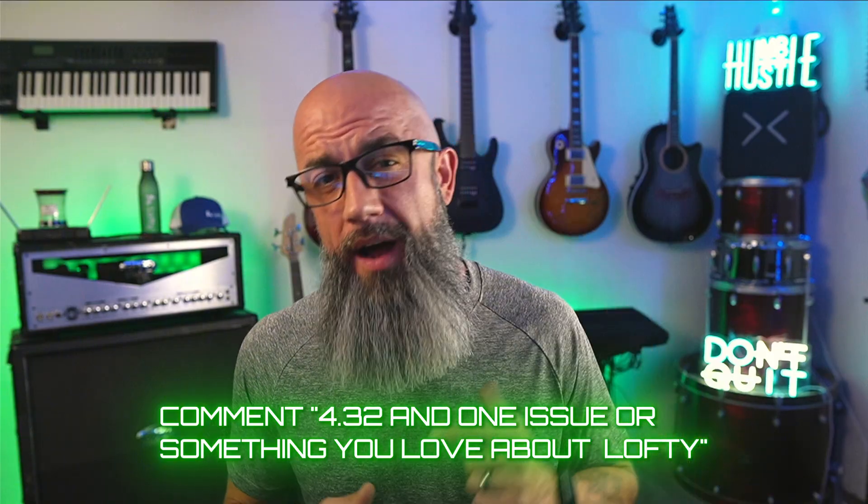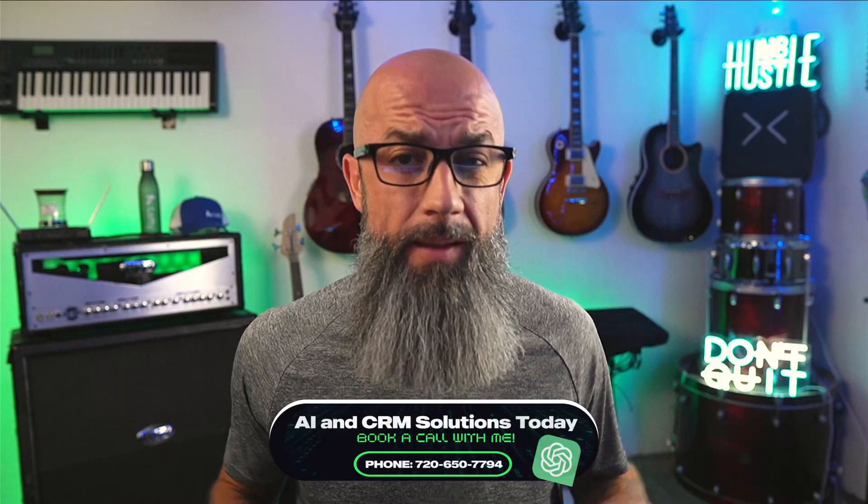If you want my personal 4.32 setup checklist, comment '4.32' and one issue or something you love about Lofty and I'll send it right over. If you want hands-on help dialing in Lofty for your business, call me or click the pinned comment to book a call. Drop your biggest Lofty struggle in the comments and I'll reply with a fix or a step-by-step so you can ship it today. I'm updating my tutorials to reflect this new UI, so stay with me — I've got you covered. If you got value from this video, like, subscribe, and ring that bell. Thanks so much and I'll see you on the next one.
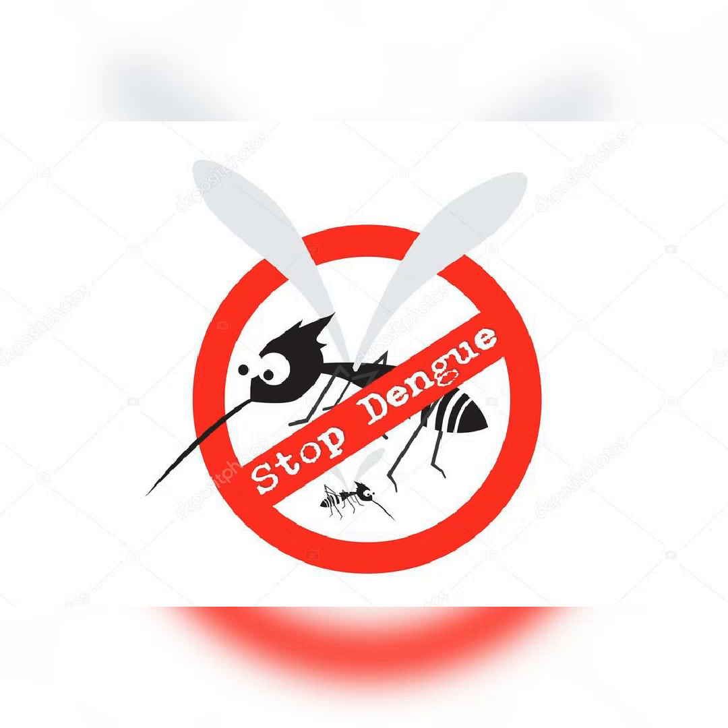Rest. It is essential to take plenty of rest and avoid strenuous activities, as dengue fever can cause fatigue and weakness. Hydration. Drinking plenty of fluids can help prevent dehydration and maintain electrolyte balance. Pain relief. Over-the-counter pain relievers like acetaminophen can help alleviate fever, joint, and muscle pain.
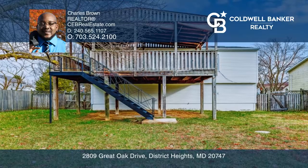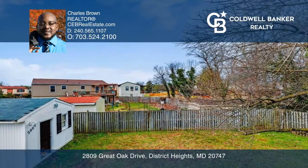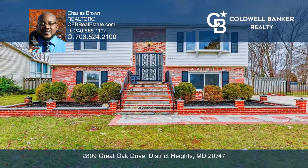Further, this home includes three spacious bedrooms, a large deck, plenty of backyard space, and a driveway. Take a look around your future home by contacting Charles Brown to schedule a tour.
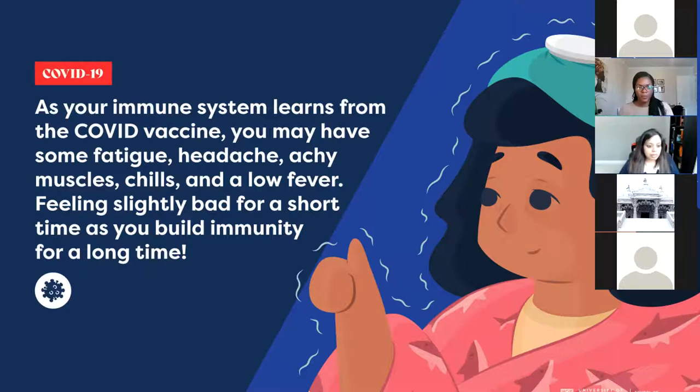As your immune system learns from the COVID vaccine, you may have some fatigue, headache, achy muscles, chills, and a low fever. Feeling slightly bad for a short time as you build immunity for a long time. When I got my vaccine last week, I had a sore arm for two days and felt really tired for a day, but after that I was completely fine. If you have a sore arm, a little bit of a headache, or a mild fever, Tylenol is not a bad idea — just take Tylenol for a day or two and you're bound to feel better.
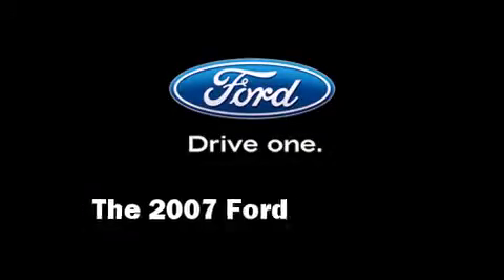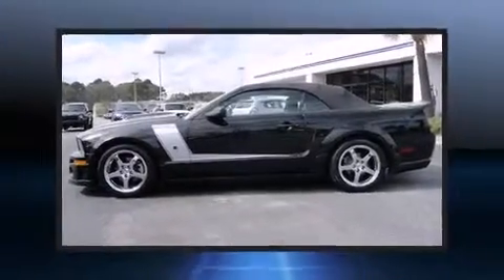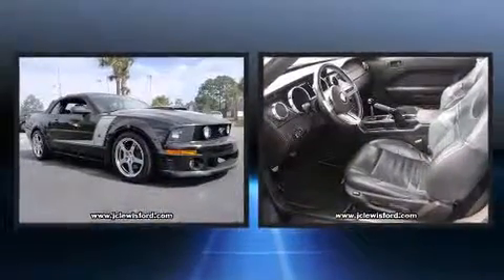Here's a great deal on a 2007 Ford Mustang. This two-door, four-passenger convertible still has fewer than 60,000 miles.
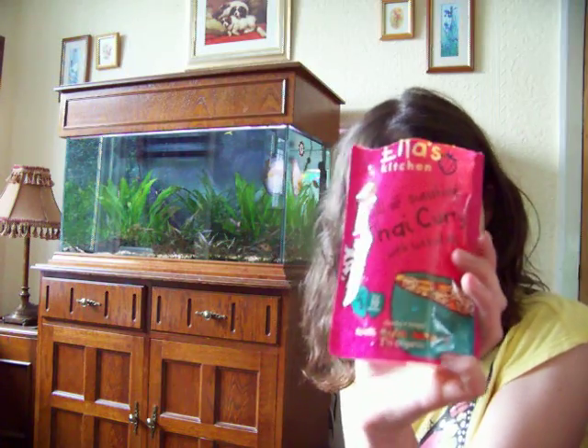So the first one I've decided to try out is Ella's Kitchen 'Full of Sunshine' Thai curry with lots of veg. It's for stage 3, so that's 10 months and up.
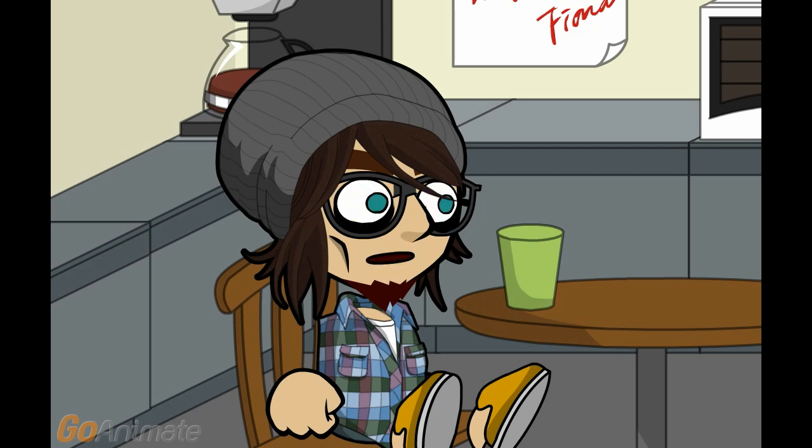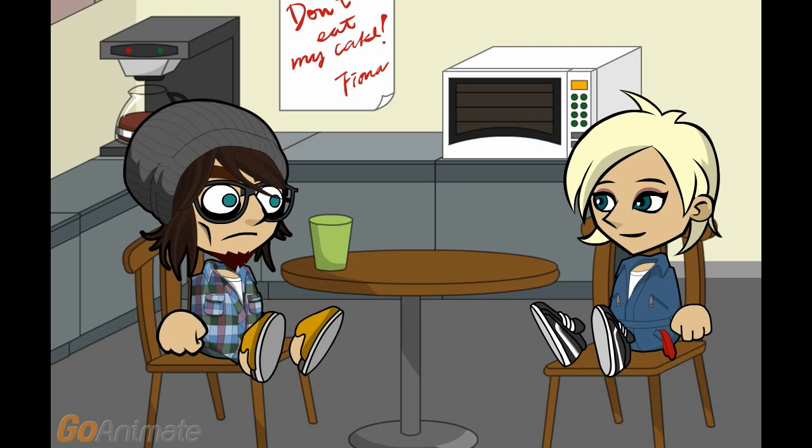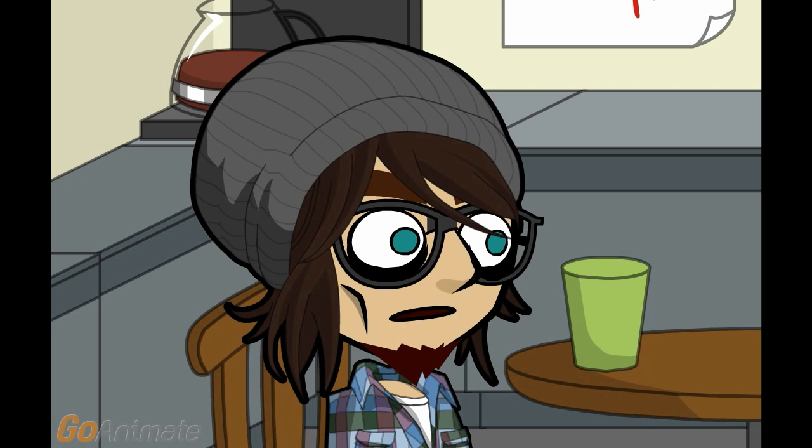I need you to explain Payne furnace error codes to me. It is an aptly named brand, given how often it breaks. That doesn't tell me what has actually broken on the furnace today.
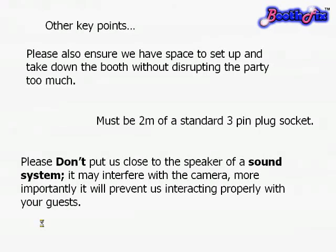And finally, please don't put us near your DJ or band speaker system. It may cause interference for the cameras and computers, but more importantly it prevents us from being able to explain properly and interact with your guests — both in the use of the booth and for subsequent comments for the album.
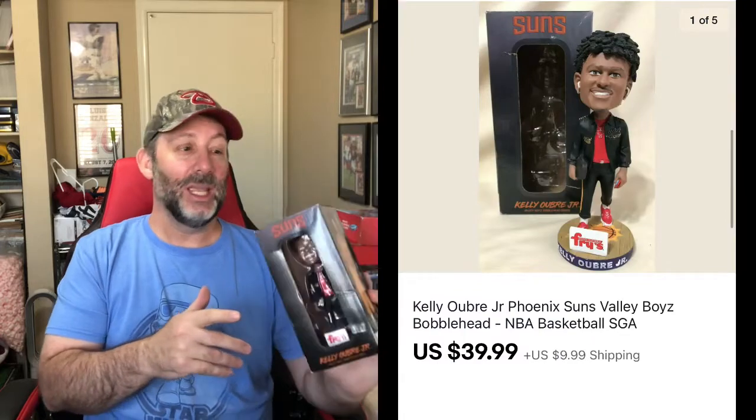I sold this bobblehead — Kelly Aubrey Jr. for the Phoenix Suns. I actually have another one of these in my antique booth that I should go pick up, because this sold for $39.99 plus shipping. They did these ones called Valley Boys — they did him, DeAndre Ayton, and one other guy. They didn't put a checklist on the box, but they sell really well. I picked it up at the thrift store for just a few bucks. Sold for $40 plus shipping, and it's staying in-state, so it's not going to cost too much to ship.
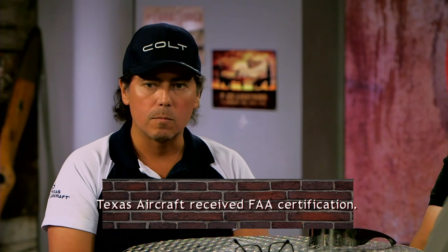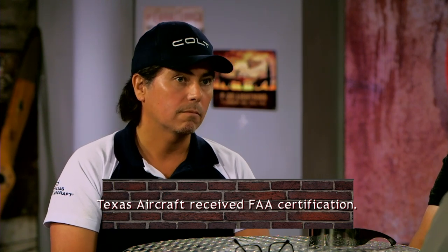Where are you guys at on certifications with the FAA? The good news is that we are at the finish line. Certifying an airplane is not an easy undertaking — the Colt has around 3,000 parts and each part has to have a part number, which is part of certification. We are going through the final auditing of that process, so most likely we'll have that done by the end of this month.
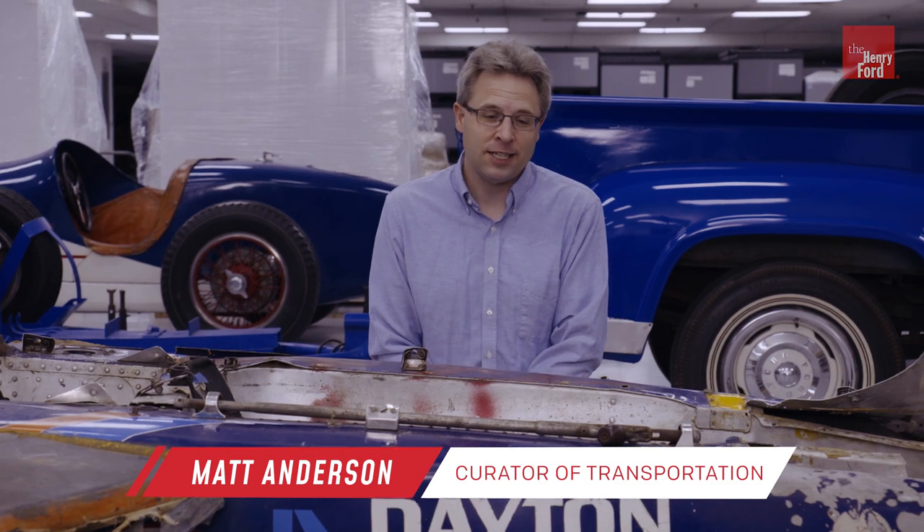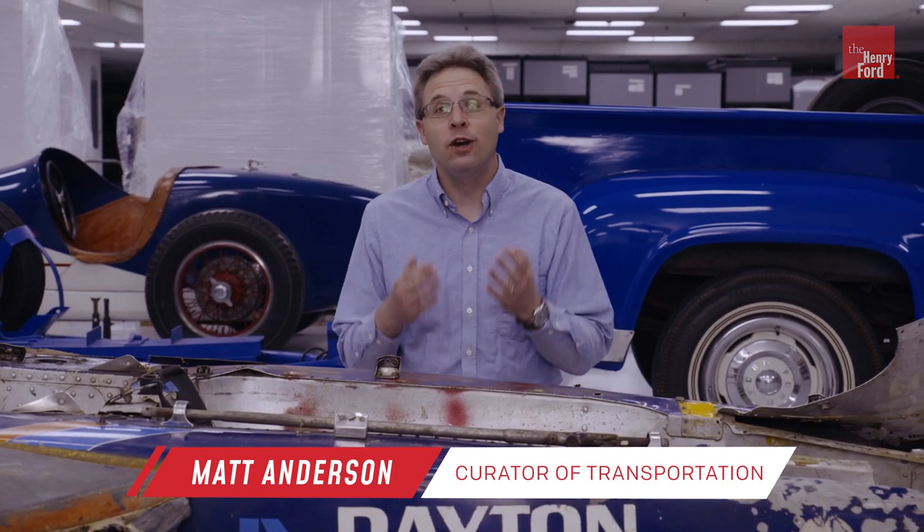I'm Matt Anderson, curator of transportation at the Henry Ford, and we are here with what remains of Salt Walther's car driven in that race. And really all that's left is the tub where the driver would have sat right here. There's one of the side pods where one of the radiators was located, and then the rear wing.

+-------+

YOUR ASSIGNMENT: What you return from the records above should be exactly everything from the line with "So the first" down to the line with "Where are you", both kept, and no pictures.

RESULT:
So the first one I've decided to try out is Ella's Kitchen 'Full of Sunshine' Thai curry with lots of veg. It's for stage 3, so that's 10 months and up.
I need you to explain Payne furnace error codes to me. It is an aptly named brand, given how often it breaks. That doesn't tell me what has actually broken on the furnace today.
And finally, please don't put us near your DJ or band speaker system. It may cause interference for the cameras and computers, but more importantly it prevents us from being able to explain properly and interact with your guests — both in the use of the booth and for subsequent comments for the album.
I sold this bobblehead — Kelly Aubrey Jr. for the Phoenix Suns. I actually have another one of these in my antique booth that I should go pick up, because this sold for $39.99 plus shipping. They did these ones called Valley Boys — they did him, DeAndre Ayton, and one other guy. They didn't put a checklist on the box, but they sell really well. I picked it up at the thrift store for just a few bucks. Sold for $40 plus shipping, and it's staying in-state, so it's not going to cost too much to ship.
Where are you guys at on certifications with the FAA? The good news is that we are at the finish line. Certifying an airplane is not an easy undertaking — the Colt has around 3,000 parts and each part has to have a part number, which is part of certification. We are going through the final auditing of that process, so most likely we'll have that done by the end of this month.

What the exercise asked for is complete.